— Товарищи!
Разглядеть что-либо во мраке было невозможно. Деев остановился, руками шаря перед собой — нащупал пару бритых макушек.
— Товарищи! — захихикало с другой стороны. — Куда же вы?
— На кудыкину гору! — откликнулось с третьей. — По кривому забору!
— Посмотреть на обжору!
— Или выпить кагору!
— Или слопать рокфору!
И вот уже сумрак наполнился голосами, смешками, вздохами.
— Налупить сутенеру!
— А еще — прокурору!
— А еще — полотеру!
— Без понта и фурору!
— Цыть! — рявкнула привратница где-то у подножия лестницы.
Напрягая зрение и ощупывая пространство перед собой, Деев ринулся за Белой — сквозь толпу мальчишек, рассевшихся на ступенях.

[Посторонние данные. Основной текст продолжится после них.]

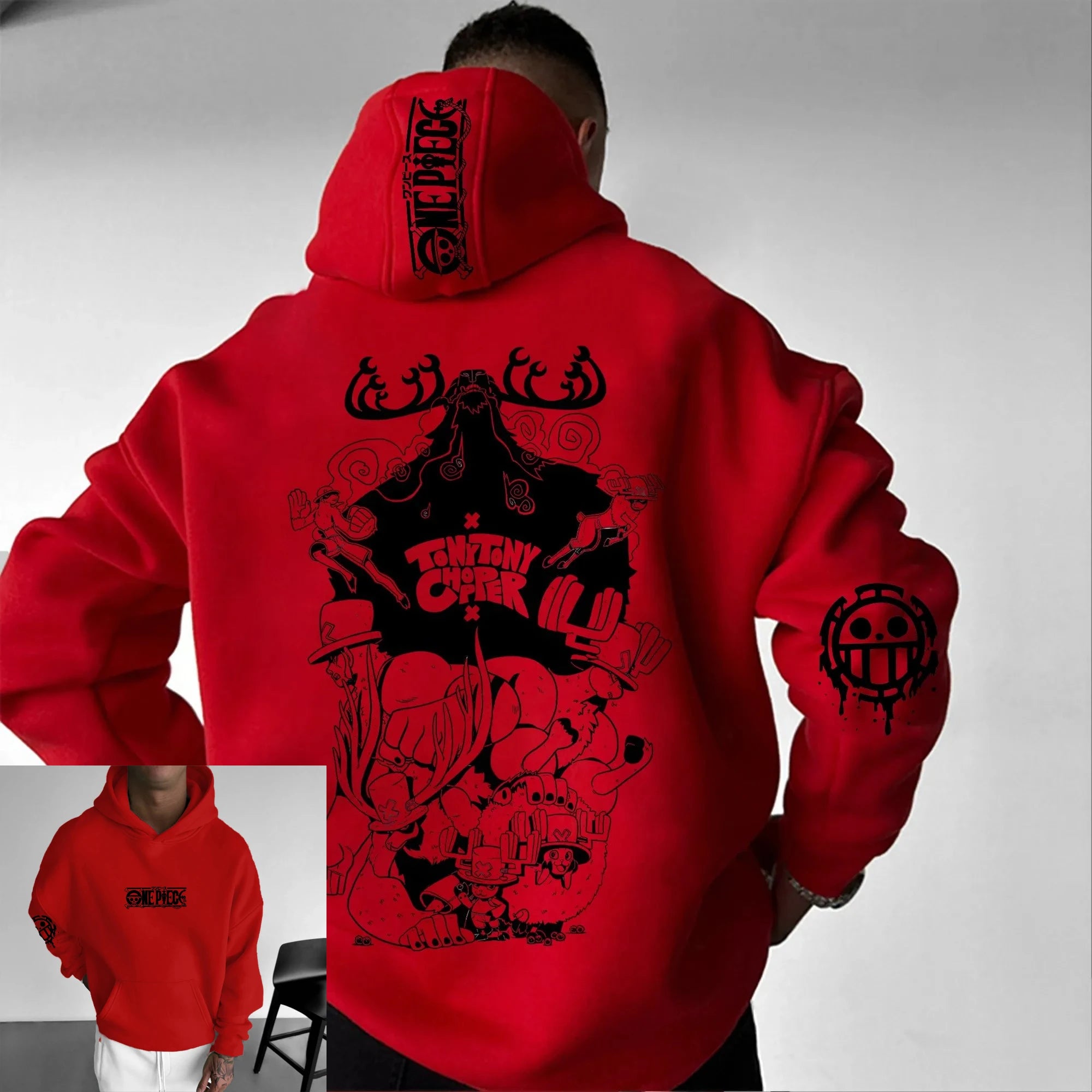 Tony Tony Chopper Graphic Hoodie | One Piece Pullover Hoodies & Sweatshirts - The Eezee Shop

Ладони его скользили по стриженым головам, голени — по чьим-то плечам и спинам. Больше всего боялся наступить на кого-нибудь, но детские тела были много быстрее — сами раздавались в стороны, открывая дорогу, как стая мальков рассыпается при виде приближающейся крупной рыбы.
Чем выше поднимался Деев, тем светлее делалось вокруг и тем плотнее становилась толпа. Скоро лестница разделилась на два рукава, каждый круто изгибался — один налево, другой направо — и вел на второй этаж. Здесь уже можно было разглядеть глаза — карие, рыжие, черные, синие, цвета травы, — они с любопытством таращились отовсюду. Пацанята были мелкие и стриженные как на подбор. У одного, кажется, не было уха; но, может, это только почудилось в потемках.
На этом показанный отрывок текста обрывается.